• **WHAT YOU NEED TO DO**
Repeat every line of the data exactly; the pictures stay out.

• **SOURCE DATA**
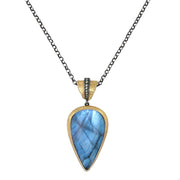 24K Yellow Gold and Sterling Silver Labradorite and Diamond Necklace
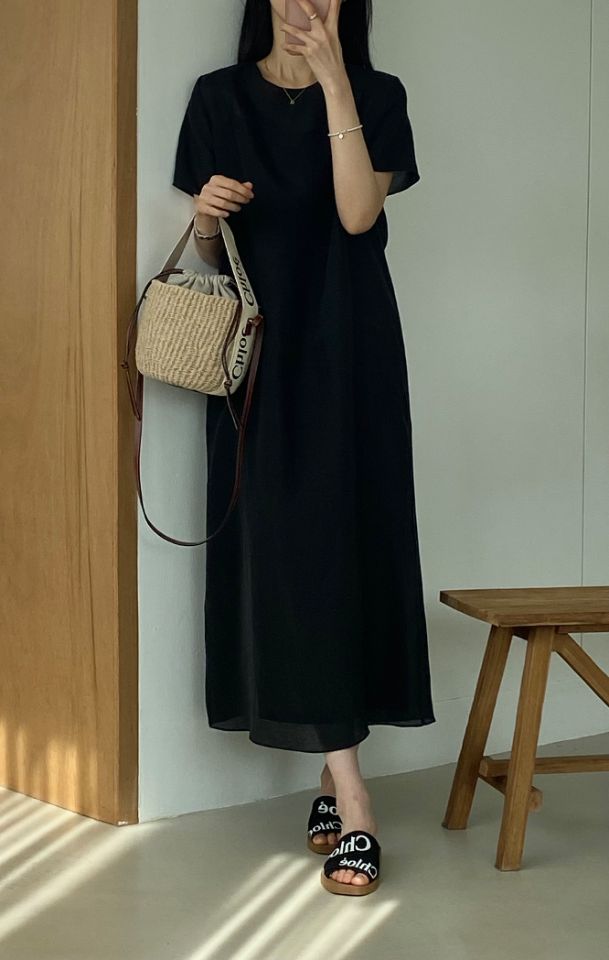 DORI韓國直郵東大門代購女裝新款時尚熱賣人氣連衣裙歐根紗OURR連衣裙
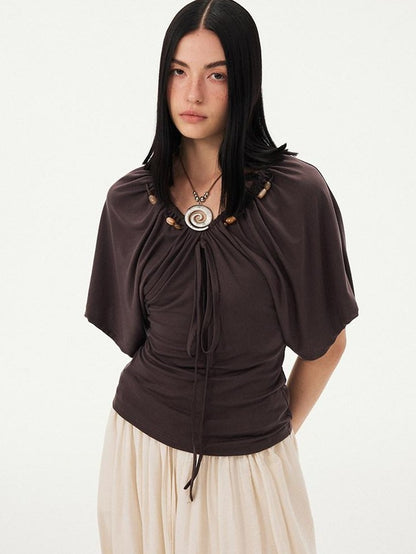 DIDDI MODA Sage Ruched Beaded V-neck Loose Batwing Women&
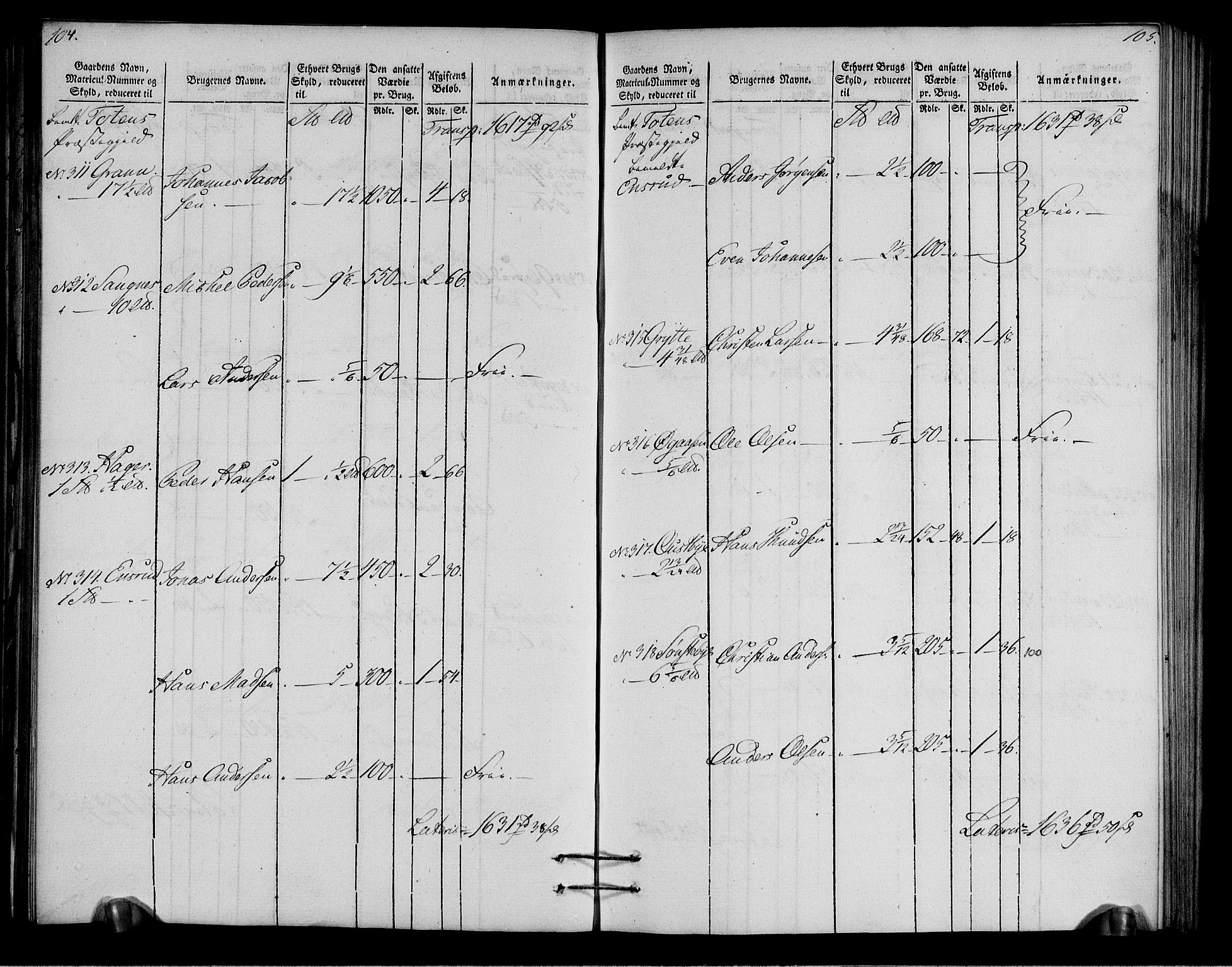 Rentekammeret inntil 1814, Realistisk ordnet avdeling, AV/RA-EA-4070/N/Ne/Nea/L0037: Toten fogderi. Oppebørselsregister, 1803-1804, p. 55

• **COMPLETED TASK**
 24K Yellow Gold and Sterling Silver Labradorite and Diamond Necklace
 DORI韓國直郵東大門代購女裝新款時尚熱賣人氣連衣裙歐根紗OURR連衣裙
 DIDDI MODA Sage Ruched Beaded V-neck Loose Batwing Women&
 Rentekammeret inntil 1814, Realistisk ordnet avdeling, AV/RA-EA-4070/N/Ne/Nea/L0037: Toten fogderi. Oppebørselsregister, 1803-1804, p. 55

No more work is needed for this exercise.